Radar nodded slowly. “There was a lot of filing, sir. And a message came in for Captain Pierce. I had to make sure it didn’t get buried.”

“Pierce,” Potter chuckled softly, shaking his head. “He’s probably looking for a way to turn those snowshoes into a mobile ice-cream maker.”

“Actually, sir, I think he was going to try to trade them for a spare fan,” Radar offered, a small, genuine smile finally breaking through his worried expression.

The tension that had filled the small room began to dissipate, replaced by that familiar, bittersweet camaraderie that kept them all sane. It wasn’t about the snowshoes, and it wasn’t about the paperwork. It was about two men, thousands of miles from home, finding a moment of normalcy in the middle of the madness.

Potter patted the desk, the wood grain worn smooth by thousands of hands before them. “Leave it for now, Radar. Go get some coffee. Maybe see if that chaplain of ours has anything to say that isn’t related to the logistics of a supply run. I’m going to go see if I can find a glass of something that doesn’t taste like swamp water.”

Radar looked at the desk, then at the Colonel.
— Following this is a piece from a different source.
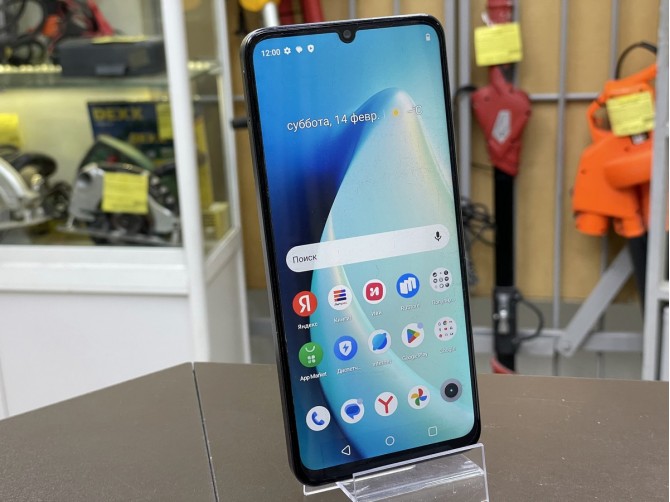 Мобильный телефон realme, Note 50, 128 ГБ, черный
He realized then that Potter wasn’t just checking on the supply requisition; he was checking on him. He was making sure that underneath the uniform, the rank, and the endless, crushing weight of the war, the boy from Iowa was still holding on.

“Yes, sir,” Radar said, his voice soft. “I think I’ll do that.”

As the Colonel turned to leave, his footsteps heavy but measured on the wooden floorboards, the late afternoon light slanted through the tent flap, catching the dust motes in the air. For a moment, the war felt very far away, and the 4077th felt, against all odds, like a family.

Radar stood alone in the office, the quiet settling around him like a blanket. He looked at the typewriter one last time, decided the snowshoes could wait for another lifetime, and headed out toward the sound of laughter drifting from the direction of the mess tent.

In the heart of the 4077th, the paperwork never ends, but the kindness of friends makes it bearable.